> [What the task requires]
Copying rule for the data below: take the line containing "TOPI VISOR WANITA" and every line after it to the end, exactly, and drop all pictures.

> [Dataset records]

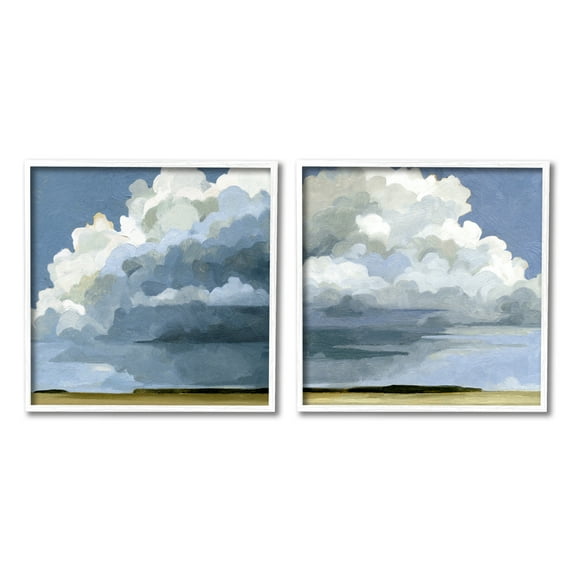 Stupell Industries Sublime Outdoor Weather Landscape Cloudy Sky Painting,17 x 17, Design by Emma Caroline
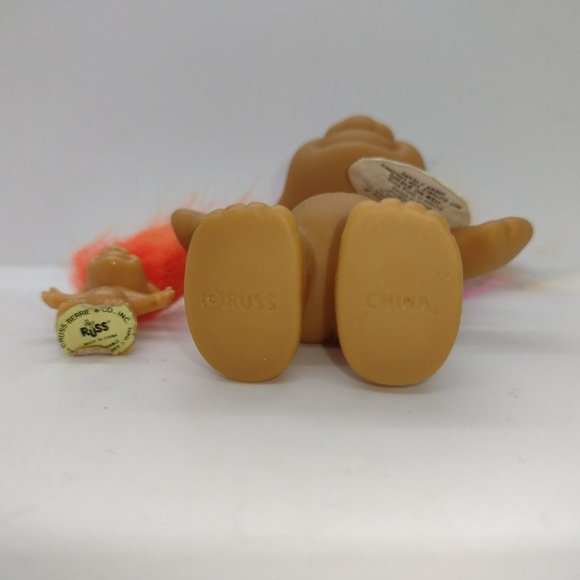 Vintage Troll Dolls Russ mini rainbow with tag - Picture 3 of 4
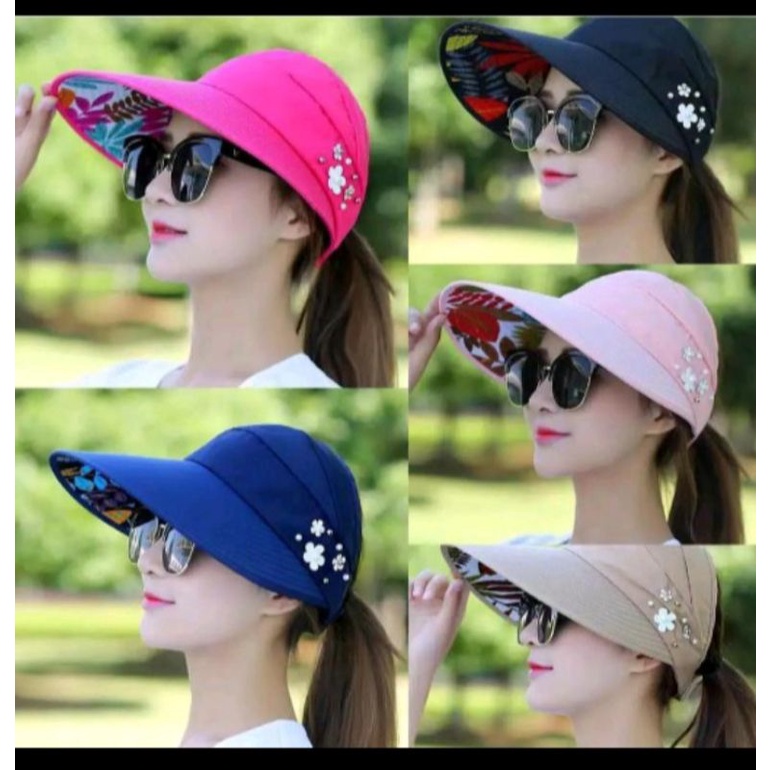 TOPI VISOR WANITA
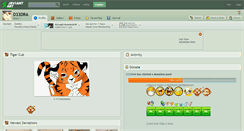 Desktop Screenshot of d33dra.deviantart.com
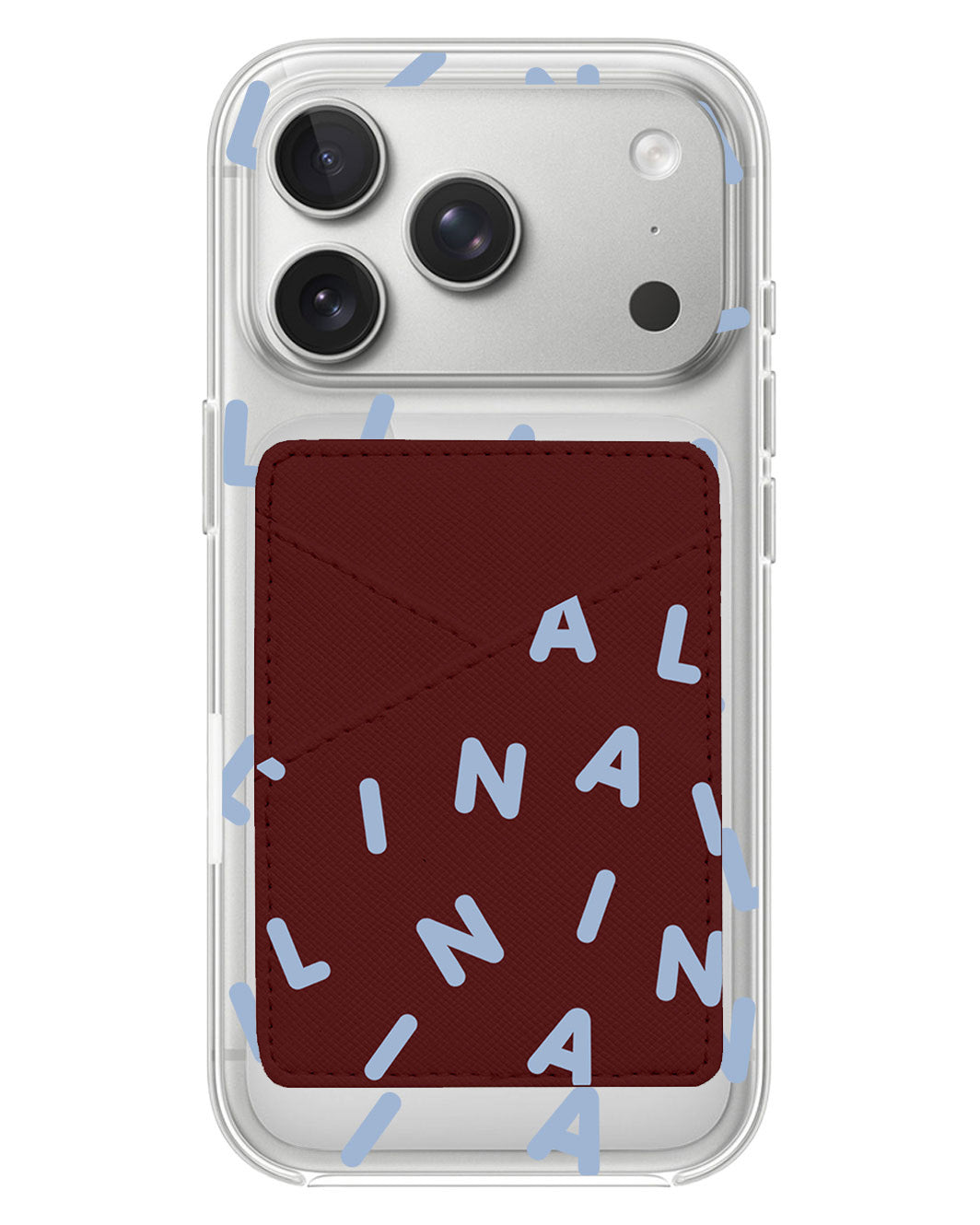 iPhone Phone Wallet Case - Monogram 2.0 Blue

> [Response area]
 TOPI VISOR WANITA
 Desktop Screenshot of d33dra.deviantart.com
 iPhone Phone Wallet Case - Monogram 2.0 Blue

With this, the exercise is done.